Get hands-on experience with 20+ free Google Cloud products and $300 in free credit for new customers.

Pub/Sub Publish message from Dataproc cluster using Python: ACCESS_TOKEN_SCOPE_INSUFFICIENT

Hello, 


I have a problem publishing a pub/sub message from the Dataproc cluster, from Cloud Function it works well with a service account, but with Dataproc I got this error: 

raise exceptions.from_grpc_error(exc) from exc
google.api_core.exceptions.PermissionDenied: 403 Request had insufficient authentication scopes. [reason: "ACCESS_TOKEN_SCOPE_INSUFFICIENT"
domain: "googleapis.com"
metadata {
  key: "method"
  value: "google.pubsub.v1.Publisher.Publish"
}
metadata {
  key: "service"
  value: "pubsub.googleapis.com"
}
]

The service account assigned to this cluster suppose to have Pub/Sub publisher but the error above appears.

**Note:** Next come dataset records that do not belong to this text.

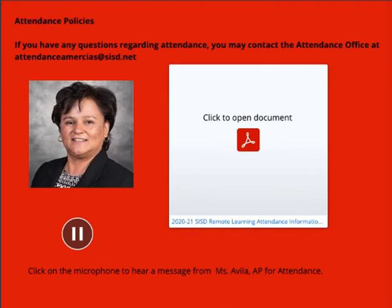If a student does not have a laptop or device, how will attendance be taken? Campuses will provide hard copy student learning packets and a schedule of distribution for students to whom this situation applies. A student will be provided with a daily schedule of items to be completed to satisfy daily attendance. If this is your case, please contact our campus immediately for further guidance. Our phone number is 915-937-2800, or you can email us at attendanceamericas@sisd.net.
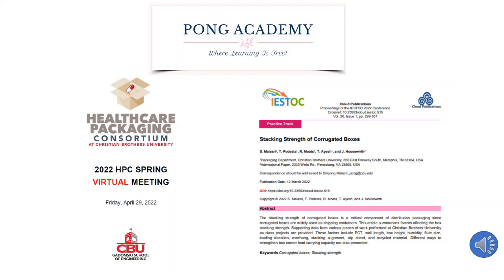This video is based on a presentation at the 2022 Spring Meeting of the Healthcare Packaging Consortium on April 29, 2022. Details can be found in the article 'Stacking Strength of Corrugated Boxes' published in the Proceedings of the ESDOC Conference, Volume 20, Issue 1, March 12, 2022.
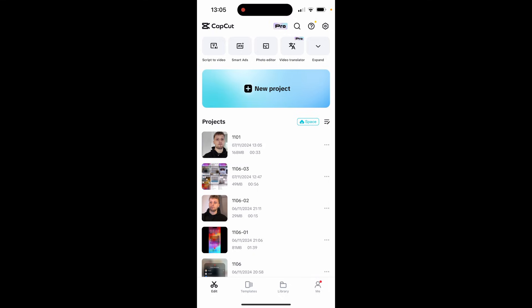In this video I'm going to show you how you can upload a video from CapCut to Instagram. I'm going to show you a couple of tricks and tips that you may not know already and then I'll show you exactly how you can get the video from CapCut to Instagram.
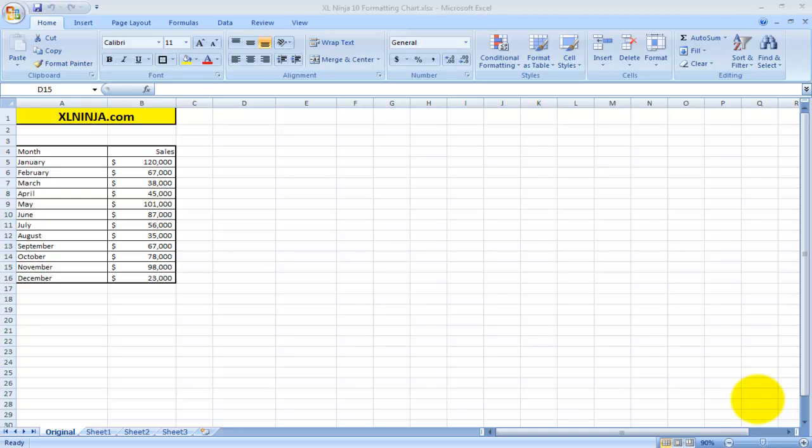Hello everyone, this is Aldo from ExcelNinja.com. In this video I want to show you all the options that are available to you with regards to formatting charts.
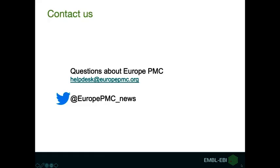With that, I conclude this webinar. I hope that what you learned today will make it easier to find relevant data in research publications from now on. If you have any further questions or suggestions, please contact us on helpdesk at europemc.org. Follow us on Twitter to learn more about new features and tools. Thank you very much for listening.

There is a workaround I have done to sort this issue, which is to use the service account key (.json) file to publish but I believe it is a bad practice as the secrets (private key) are exposed and can be read from the code, I tried to use the secret manager, but again there is no access from the cluster, same error when publishing to pub/sub (403) 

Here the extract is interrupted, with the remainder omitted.